* **Data extracts**

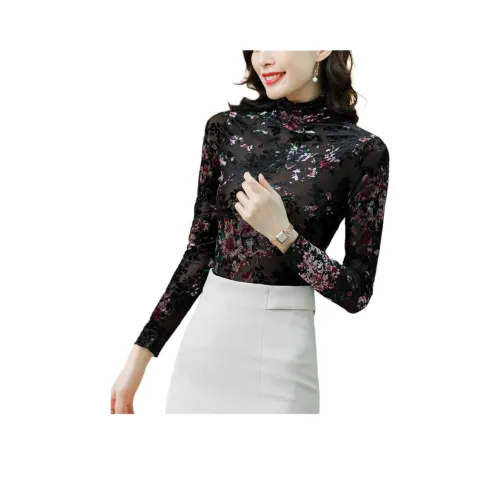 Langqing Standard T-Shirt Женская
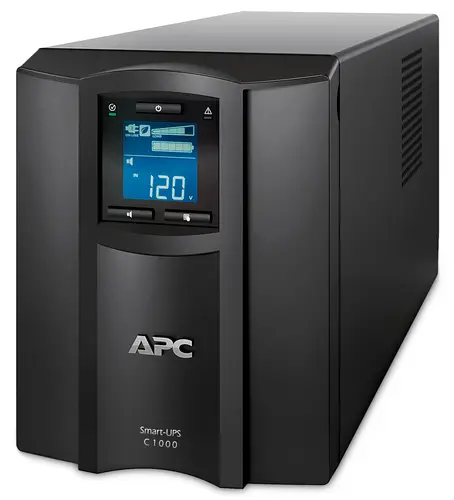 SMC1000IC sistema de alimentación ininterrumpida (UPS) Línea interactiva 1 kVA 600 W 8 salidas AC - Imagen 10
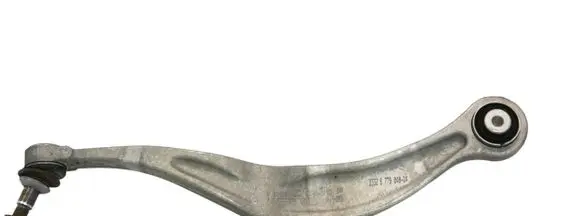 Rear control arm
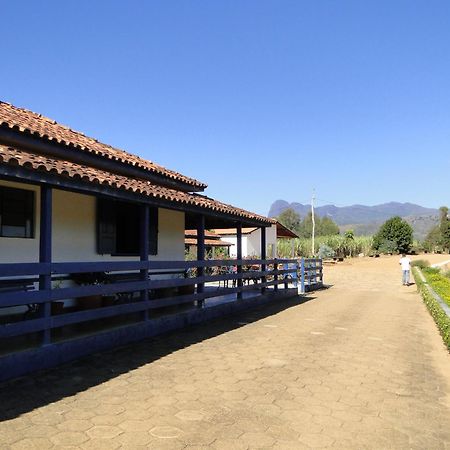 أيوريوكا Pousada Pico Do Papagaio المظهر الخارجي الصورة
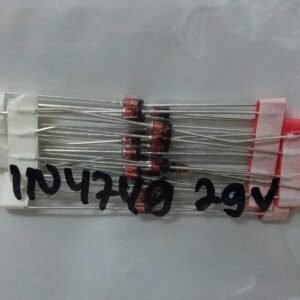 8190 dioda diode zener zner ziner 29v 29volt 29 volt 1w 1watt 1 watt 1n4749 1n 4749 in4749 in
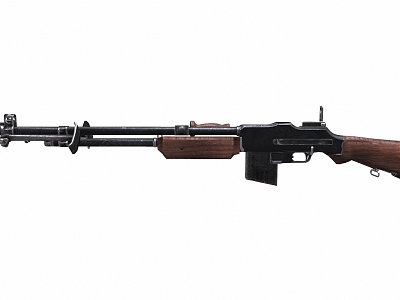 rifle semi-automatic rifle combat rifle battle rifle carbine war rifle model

* **Work to be completed**
Would you please print only the lines running from the one with "أيوريوكا Pousada Pico" to the final line of the entries above, exactly as written and without pictures?

* **Answer box**
 أيوريوكا Pousada Pico Do Papagaio المظهر الخارجي الصورة
 8190 dioda diode zener zner ziner 29v 29volt 29 volt 1w 1watt 1 watt 1n4749 1n 4749 in4749 in
 rifle semi-automatic rifle combat rifle battle rifle carbine war rifle model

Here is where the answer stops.